As the last post indicated, that was the final chunk of the Prayer Book Spirituality Project to be written. Late last night I got all of the pieces assembled and sent off to the good folks at Forward Movement. They’re glad to have it; I’m glad to be done with it for a while!
At points here people have suggested things that really needed to be added.
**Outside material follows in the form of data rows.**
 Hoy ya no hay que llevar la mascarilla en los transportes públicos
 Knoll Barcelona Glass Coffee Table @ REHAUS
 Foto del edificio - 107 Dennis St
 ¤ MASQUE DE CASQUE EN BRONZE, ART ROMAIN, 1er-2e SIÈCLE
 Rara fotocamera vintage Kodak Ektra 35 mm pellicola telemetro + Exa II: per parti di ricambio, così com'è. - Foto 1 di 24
Some of these I did add, others I’m on the fence about, others I said, “No, I really don’t have time or space to treat that…” Can I just tell you how hard that last response is for me to give?
As any project manager will tell you, one of the hardest impulses to reign in is “scope creep.” That’s the urge to add that one extra little feature…and the next one…and the next… Part of the discipline of a work like this—intended primarily as an introductory book for laity—is resisting the temptations to chase wild rabbits and, as most regular readers know, that’s really hard for me!
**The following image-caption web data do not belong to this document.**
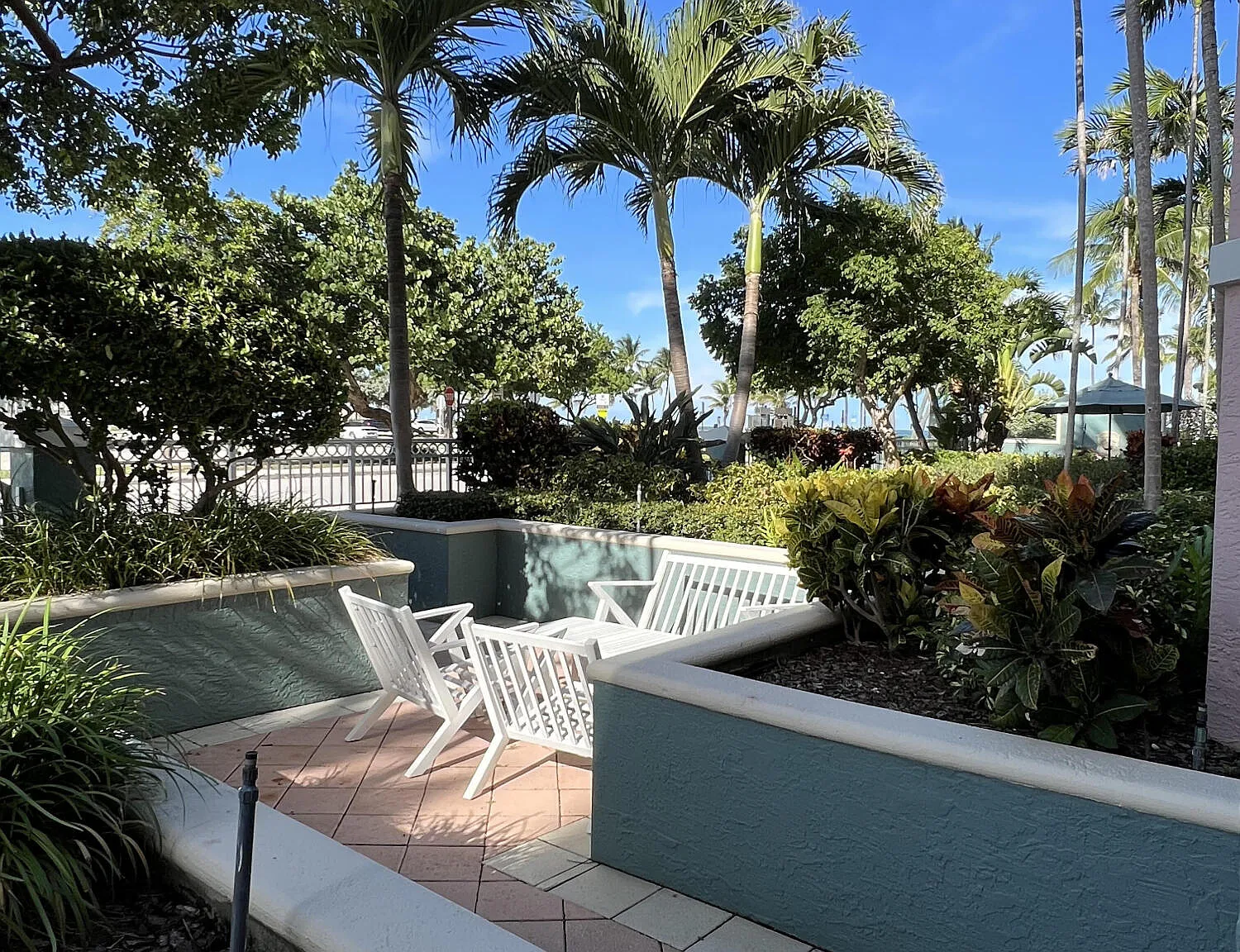 Ocean Plaza — Photo 4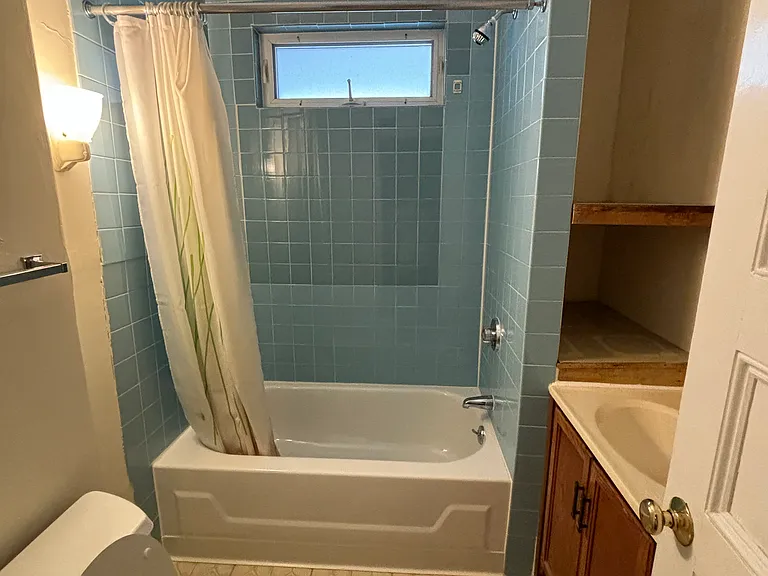18 Maple St — Photo 7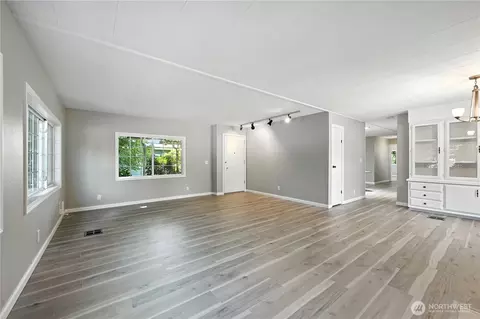 12030 2nd Dr SE, Everett, WA 98208 photo 5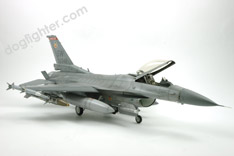 Tamiya F-16C Fighting Falcon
And, I must confess, even with the amount of saying no that I did, my resolve wasn’t quite as firm as it could have been… I originally pitched a paperback book that was about one hundred book pages (not MS Word pages, mind you). Your average regular book-shelf sized book page has roughly 350 words on it. The final tally for this stage was 82,222 words. If you do the math that’s right about 235 pages… Whoops!
As has been noted by Susan and others, though, I am not by nature a concise writer; there’s no telling how many words of solid content that actually represents! Oh well—we’ll see what the count is when the editors get done with it.
At the end, you just have to let it go – even when you’d really like to tweak, adjust, emend, and “make it better.” (AKA, yes: “scope creep”!)
Congrats!
(And, BTW: thanks for letting us share in the project. It was really fun reading along and commenting and discussing it….)
Thanks for joining in! I think it’s a better work because of all of the input.
I think “scope creep” is what happened to NT Wright as well, and he ended up writing the single largest book on Paul ever written in Christian history. Something to aim for…
I’m guessing the editors will cut about a quarter of the book. That will sharpen the focus. When you get it back you’ll be able to see the scope creep more clearly, and you can cut it. I think the creep makes it less accessible to the laity. I’ve enjoyed reading what you’ve written, even if I couldn’t understand all of it. Congratulations on finishing the first draft!